Image-text web data:
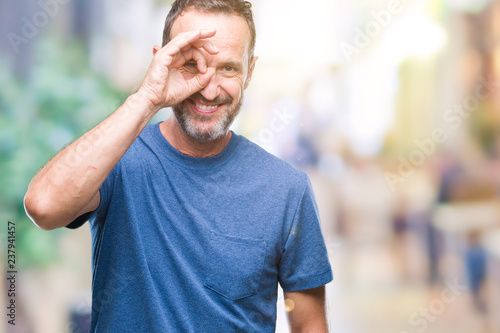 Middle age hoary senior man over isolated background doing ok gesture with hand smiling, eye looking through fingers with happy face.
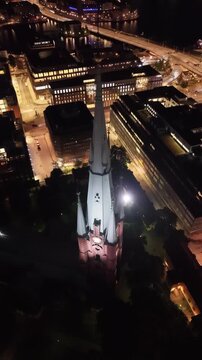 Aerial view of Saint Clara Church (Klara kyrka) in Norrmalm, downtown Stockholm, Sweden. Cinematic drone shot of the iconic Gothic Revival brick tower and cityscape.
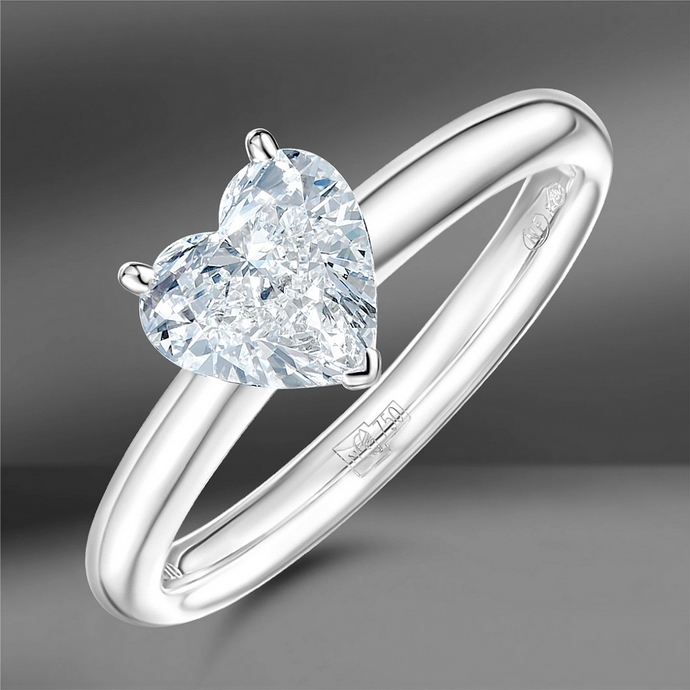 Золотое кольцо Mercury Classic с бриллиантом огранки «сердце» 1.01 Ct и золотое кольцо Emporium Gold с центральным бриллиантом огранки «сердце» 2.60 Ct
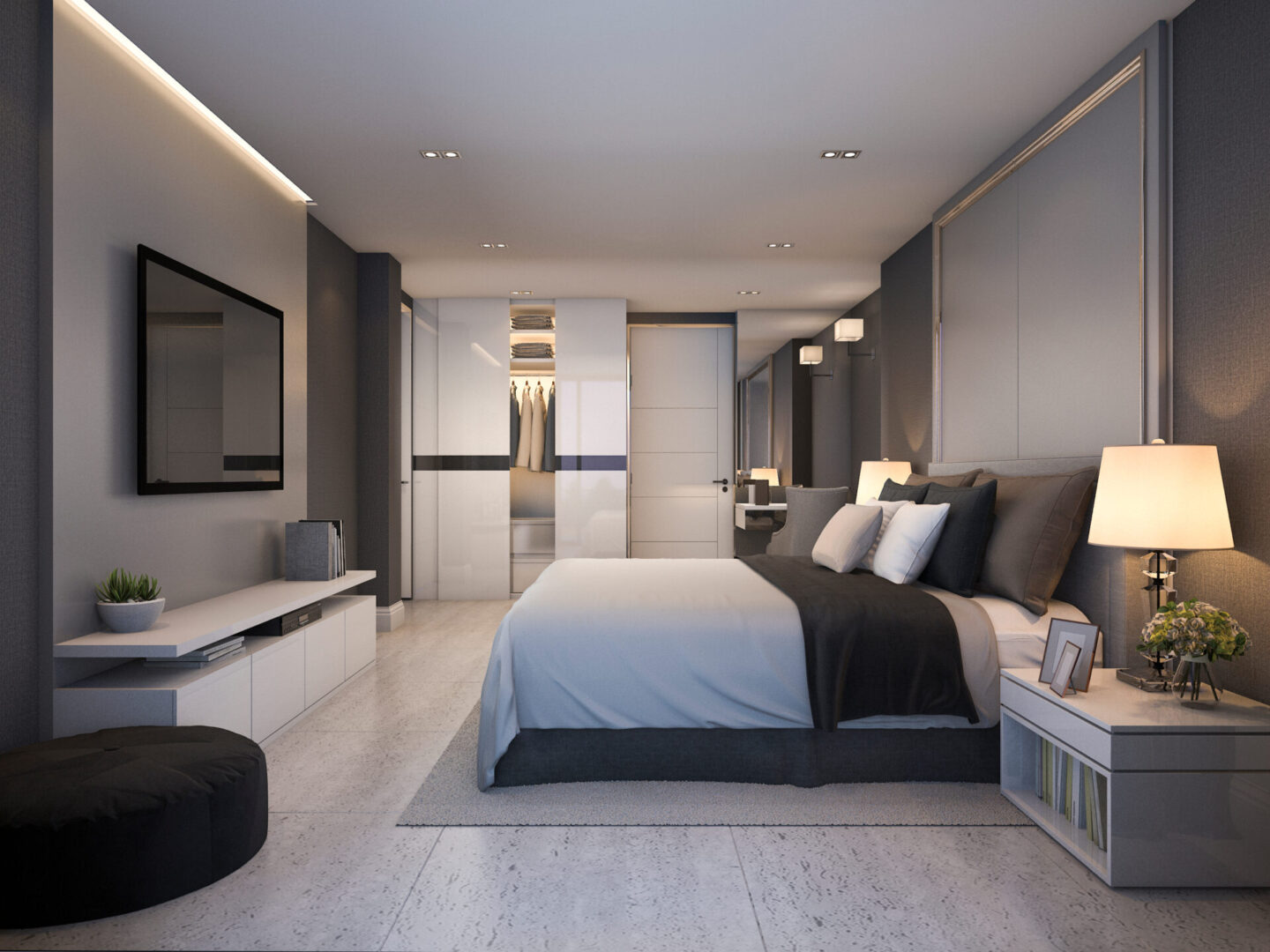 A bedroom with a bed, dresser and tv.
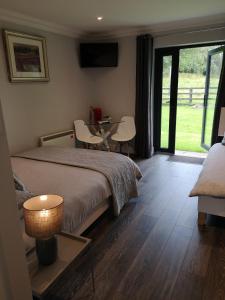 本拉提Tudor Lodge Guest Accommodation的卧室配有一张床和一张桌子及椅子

Your assignment
Only the text of the records belongs in the answer, printed exactly and without pictures.

Written answer
 Middle age hoary senior man over isolated background doing ok gesture with hand smiling, eye looking through fingers with happy face.
 Aerial view of Saint Clara Church (Klara kyrka) in Norrmalm, downtown Stockholm, Sweden. Cinematic drone shot of the iconic Gothic Revival brick tower and cityscape.
 Золотое кольцо Mercury Classic с бриллиантом огранки «сердце» 1.01 Ct и золотое кольцо Emporium Gold с центральным бриллиантом огранки «сердце» 2.60 Ct
 A bedroom with a bed, dresser and tv.
 本拉提Tudor Lodge Guest Accommodation的卧室配有一张床和一张桌子及椅子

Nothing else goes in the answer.